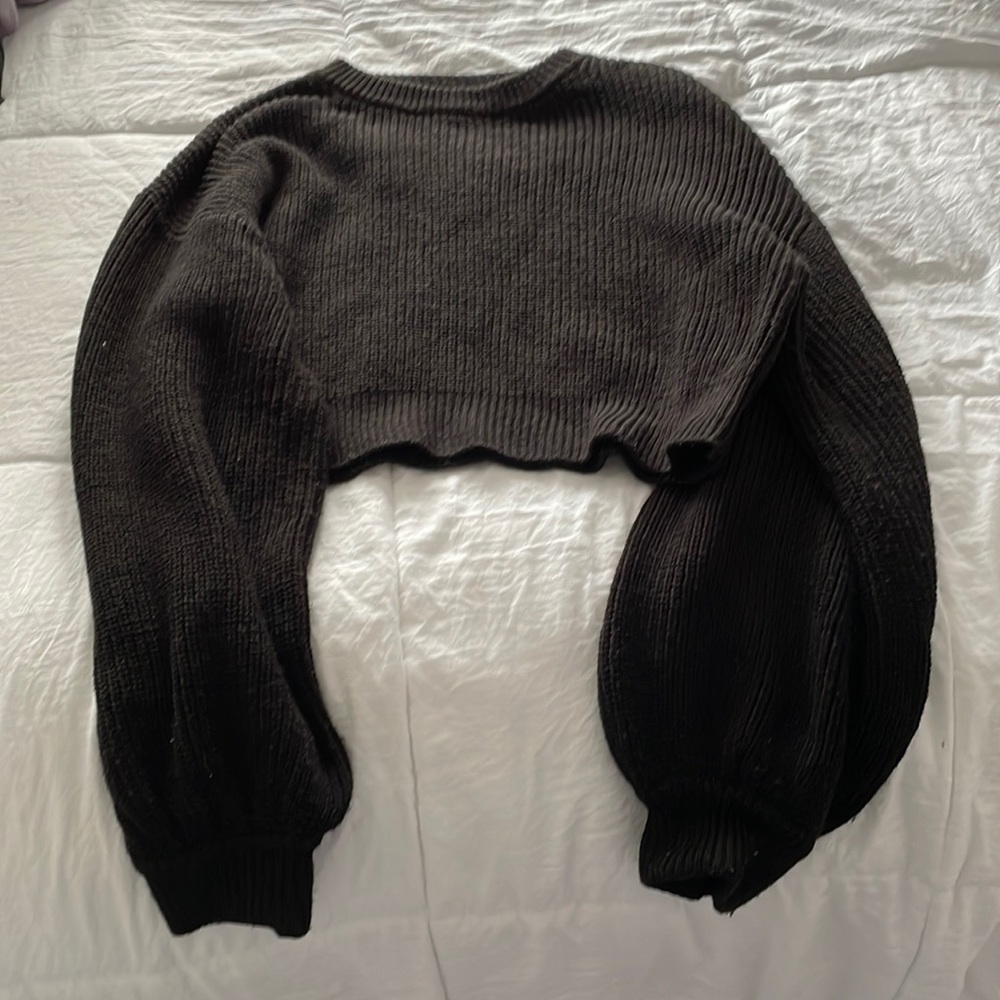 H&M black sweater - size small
==
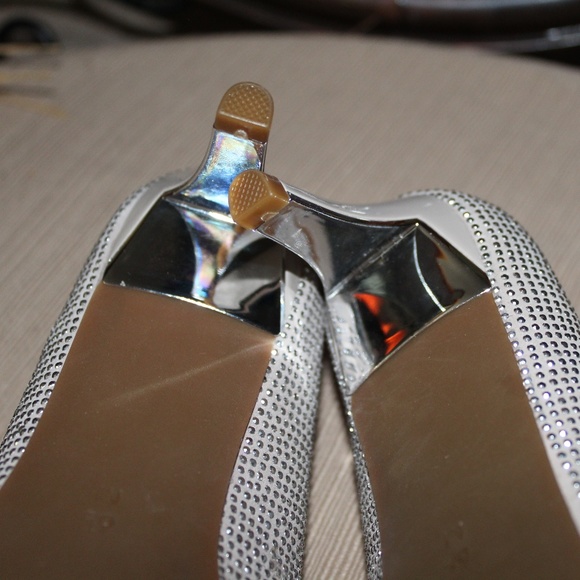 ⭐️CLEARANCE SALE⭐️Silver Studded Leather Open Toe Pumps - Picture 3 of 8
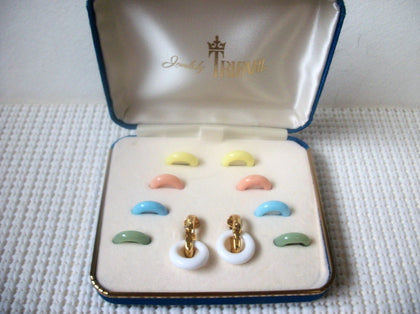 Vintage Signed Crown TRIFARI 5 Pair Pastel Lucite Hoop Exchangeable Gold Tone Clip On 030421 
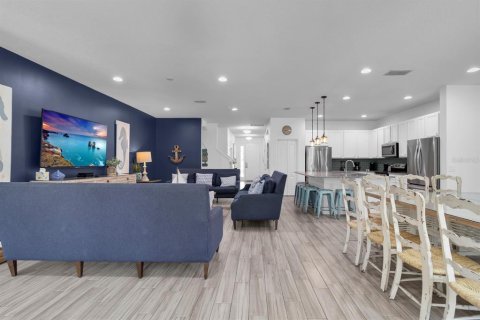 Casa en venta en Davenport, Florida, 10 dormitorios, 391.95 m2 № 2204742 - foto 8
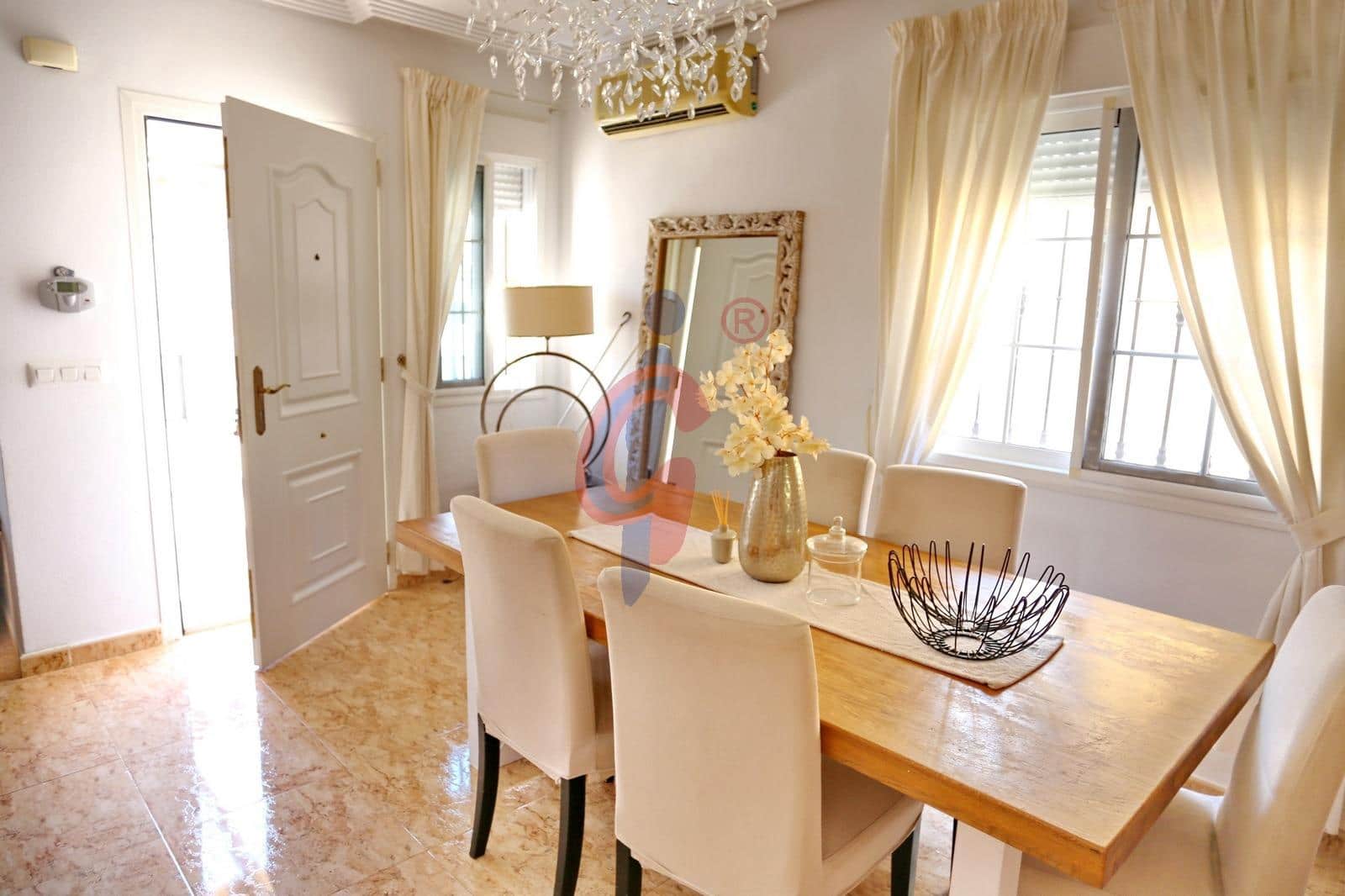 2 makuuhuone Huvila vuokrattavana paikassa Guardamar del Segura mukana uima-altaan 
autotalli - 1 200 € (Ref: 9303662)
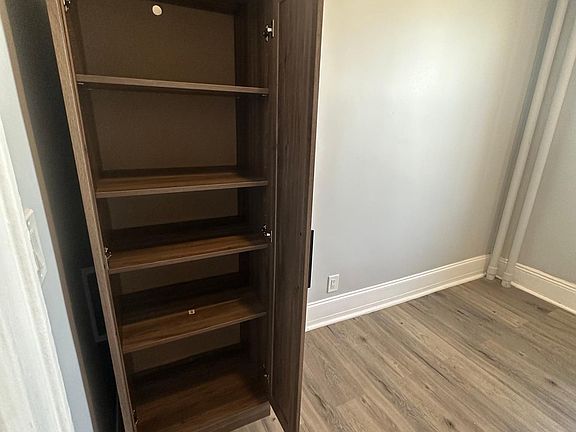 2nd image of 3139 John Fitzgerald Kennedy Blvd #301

* Aim of the task *
In the listing above, find the line with "autotalli - 1 200 € (Ref: 9303662)" and the line with "2nd image of". Transcribe those two and everything between, exactly, leaving out pictures.

* Exercise response *
autotalli - 1 200 € (Ref: 9303662)
 2nd image of 3139 John Fitzgerald Kennedy Blvd #301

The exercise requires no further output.